Family walking together with luggage, embarking on a journey

Immigration policy in the United States is undergoing its most dramatic transformation in modern history. The foreign-born population reached a historic peak of 53.3 million in January 2025, then dropped by more than a million within months. Net migration has fallen by roughly 90 percent from its 2023 peak. ICE detention hit an all-time record of 73,400 people on a single day. The immigration court backlog has tripled to 3.3 million cases. And these are just the US numbers — globally, the movement of people is reshaping nations, economies, and identities. The I Ching speaks to the human experience of movement, of searching for home, and of belonging in a world where borders are both real and imagined.

A winding road leading toward a distant city at sunset

Hexagram 56 (The Wanderer): The Experience of Being Away from Home

Hexagram 56 (The Wanderer) is the I Ching's teaching on the experience of being a stranger in a strange land. Its image is fire on the mountain — a small, temporary light in a vast landscape. The judgment advises: The wanderer succeeds through modesty and caution. For the millions of people crossing borders — whether by choice or by force — this hexagram offers a compassionate acknowledgment of the vulnerability of being away from home. It does not romanticize wandering. It acknowledges its difficulty. And it points to the qualities that make wandering survivable: humility, adaptability, and respect for the customs of the place where you find yourself. Whether you are an immigrant, a refugee, or simply someone navigating unfamiliar territory in life, Hexagram 56 reminds you that you are not lost. You are a wanderer, and the wanderer has its own wisdom.

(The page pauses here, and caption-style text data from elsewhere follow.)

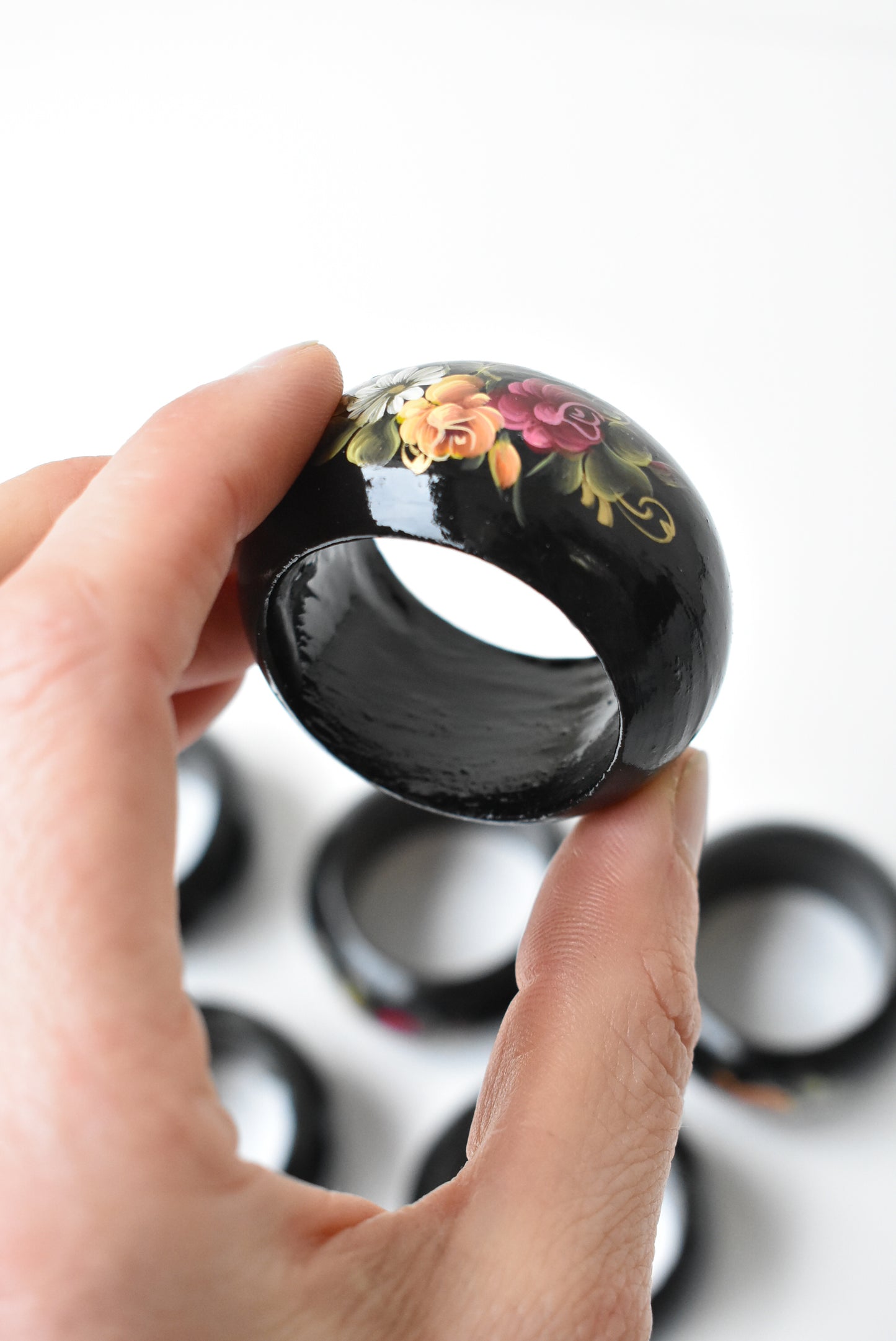 Hand painted and lacquered napkin rings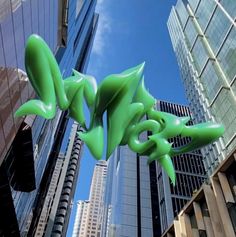 a green sculpture in the middle of a city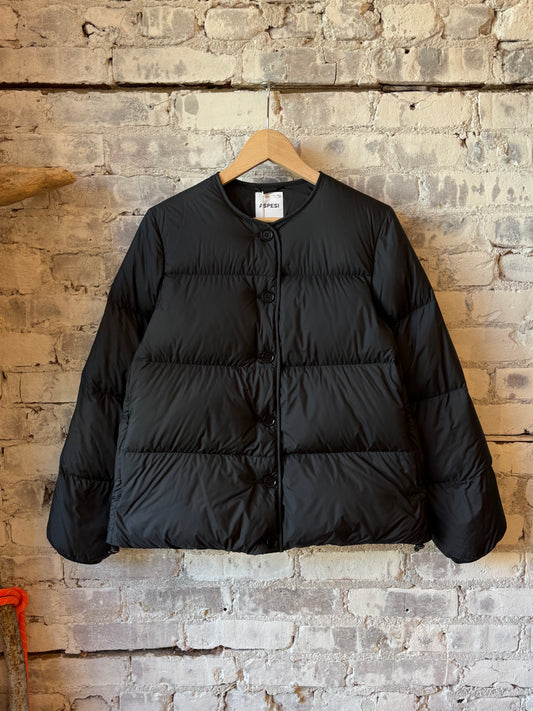 Women's black Brezza jacket by Aspesi, stylish outerwear with a sleek fit, shown on a model in a casual outdoor setting.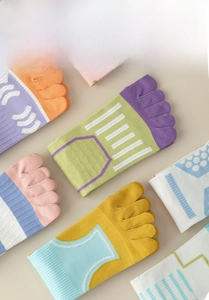 Detail view of colorful knit five-finger socks with reinforced toe separation design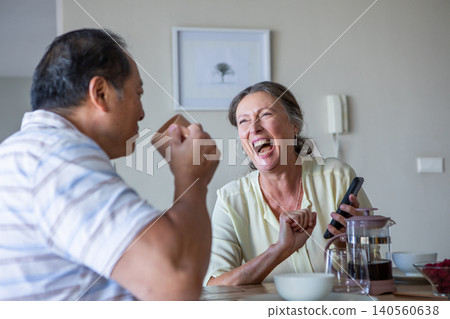 Diverse couple sipping coffee at dining table with french press, laughing with smartphone Diverse couple sipping coffee at dining table with french press, laughing with smartphone 140560638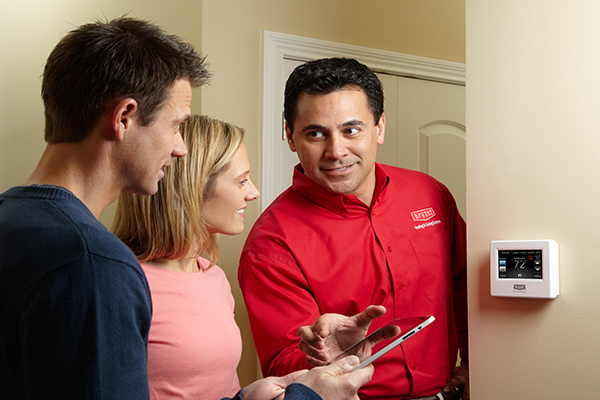Bryant Heating and Cooling Tech showing homeowner thermostat controls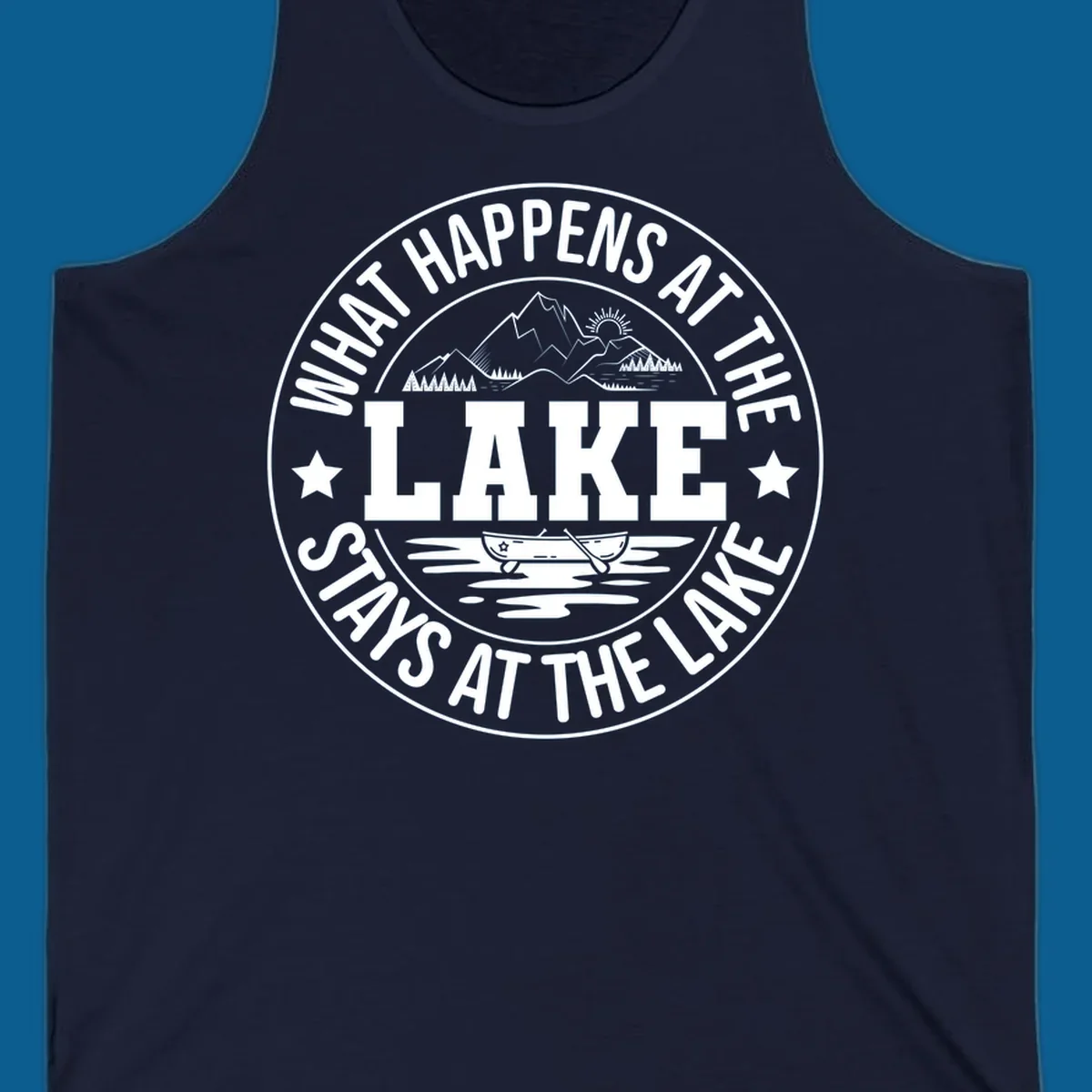 Circular badge with text 'What Happens At The Lake Stays At The Lake' and lake scene graphic.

Hexagram 37 (The Family / The Clan): The Universal Need for Belonging

An open door leading into a warm, welcoming home

If Hexagram 56 describes the experience of wandering, Hexagram 37 (The Family) describes what everyone is searching for: a place to belong. Its image is wind rising from fire — the warmth of the hearth spreading outward. The judgment speaks of the correct organization of human relationships. In the immigration debate, this hexagram asks a fundamental question: What does it mean to belong? Belonging is not simply a legal status. It is the experience of being known, of having a role, of contributing to a community. The immigration system processes people through categories — citizen, resident, asylee, undocumented. But the human need for belonging transcends categories. Hexagram 37 teaches that the strongest societies are those that organize themselves to include, not exclude — to create hearths that welcome, not walls that divide.

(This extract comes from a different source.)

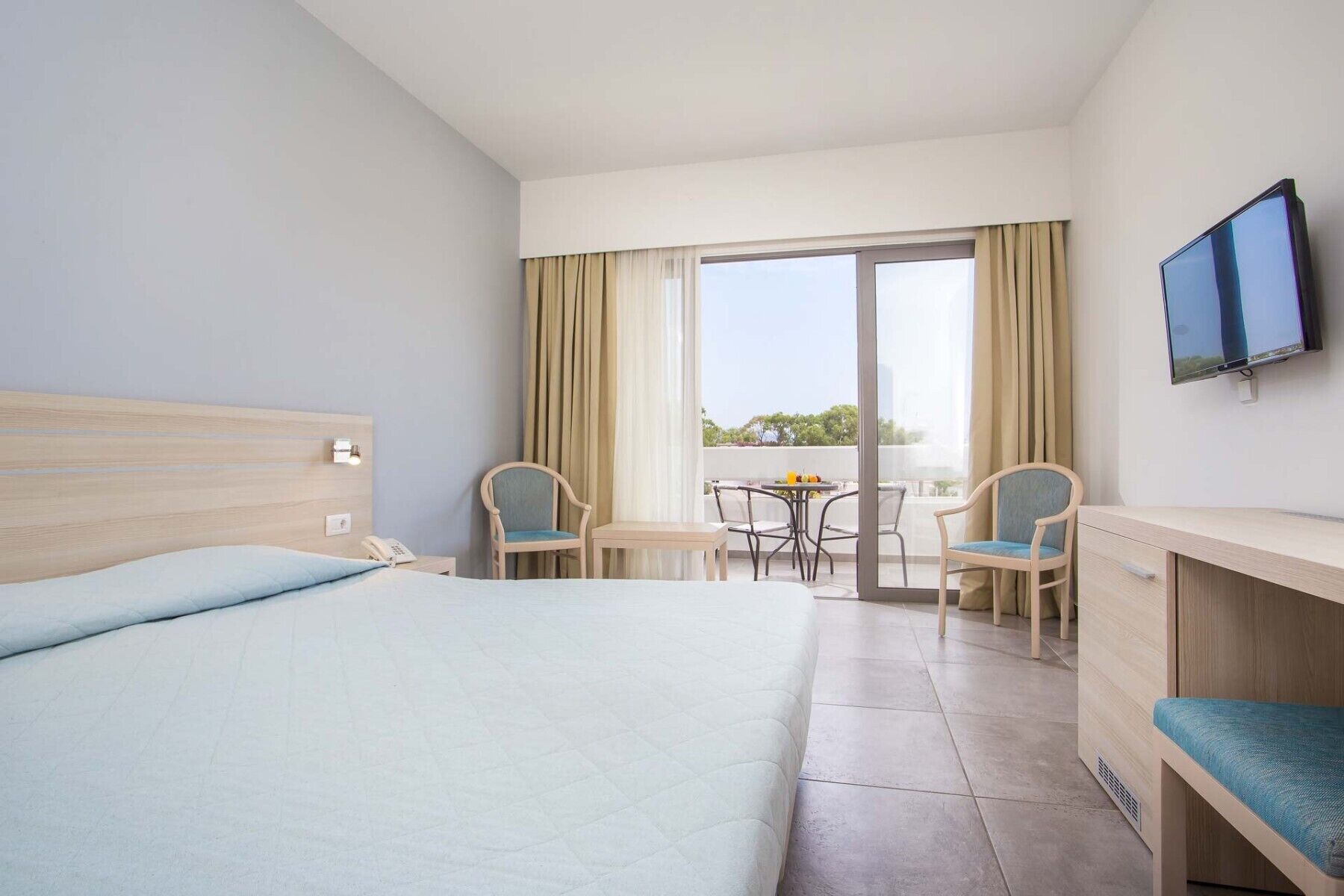 A hotel room with a bed, a desk, a chair, a TV, and a balcony with a table and chairs.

Hexagram 8 (Holding Together): Finding Unity Amid Division

Immigration is one of the most divisive issues of our time. Hexagram 8 (Holding Together) offers a counter-vision: water over earth, the image of unity that transcends difference. The judgment says: Holding Together brings good fortune. In a polarized immigration debate, this hexagram asks us to remember what we hold in common. The migrant seeking safety and the citizen concerned about change both want the same things: security, opportunity, belonging for their families. The hexagram does not pretend that these interests align easily. But it insists that unity is possible — not through the elimination of difference but through the recognition of shared humanity. Holding together is not easy. But it is the only path that leads to good fortune for all.